Support Drops for Non-Binding Marriage Equality Plebiscite
Thursday, 21st July 2016 at 10:02 am
Support for the proposed same-sex marriage plebiscite has fallen after Australians became aware that the results of the $160 million exercise would not be binding in Parliament, a new poll has found.
According to a Fairfax report, the Galaxy Research poll of 1,000 people found 48 per cent support the plebiscite.
However, this lowered to 35 per cent when respondents were informed that the result would not be binding, and support dropped further, to 25 per cent, when they were told of the cost involved.

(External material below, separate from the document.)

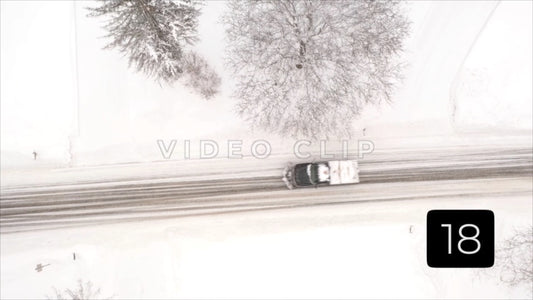 CLIP 18 - Winter Vol. 4 - Truck with snow plow drives through neighborhood in Winter with snow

The national spokesperson for Not for Profit group Parents and Friends of Lesbians and Gays, Shelley Argent, who commissioned the poll, told Pro Bono Australia News she was pleased with the results.

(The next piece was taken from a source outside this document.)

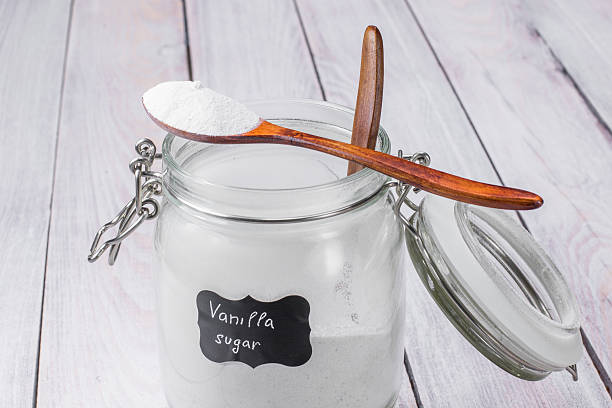 istock Teaspoon vanilla sugar placed on glass jar with vanilla sugar 533847670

“I think it’s very encouraging, and I think… the Coalition [is] really doing the wrong thing by prolonging the decision to have a plebiscite and all they’re doing is drawing it out,” Argent said.
“Nobody wants a plebiscite anyway, they [the government] would be more forward thinking if they forgot the plebiscite, if they just had a free vote, because that’s what the vast majority of Australians want.
“And even if they’re not LGBT, they still just want it done… so that they can then move onto other important things, or more important things.”
Argent said she commissioned the poll because she believed support for the plebiscite was overstated.
“It just didn’t seem to us that it was correct that everybody wanted a plebiscite, and people also didn’t understand what the plebiscite entailed,” she said.
“I mean it’s all very well to say, ‘I want to have a say’ or ‘yes the people should have a say’ but many didn’t understand the cost, they didn’t understand the impact, they didn’t understand that it was non-binding.
“What’s important is the more that people learn about this, and this is what our goal is, to educate the general public, the more they understand, the more they go, ‘we don’t need a plebiscite, just get on with it’, and when you think about what they could do with $160 million, what a waste.”
Argent said that the public and political discussion around marriage equality and LGBTQI rights was already taking its toll on the community.
She also said she was concerned it would worsen when the plebiscite is announced and anti-marriage-equality groups mobilise.
“It’s beginning to have a negative impact, and this is what’s so bad, the debate actually hasn’t even started, but people are fearful, they don’t know what’s going to happen. Of course many are expecting the worst,” she said.
“It’s a different issue but it’s the same impact – it’s like with the issue about Islam and such at the moment, the attacks are increasing, the abuse is increasing, and that’s what’s happening, it’s just the same as what’s happening with this issue of marriage equality.”
On Monday night Prime Minister Malcolm Turnbull said the plebiscite, which was due to be held this year, could be pushed back to early 2017.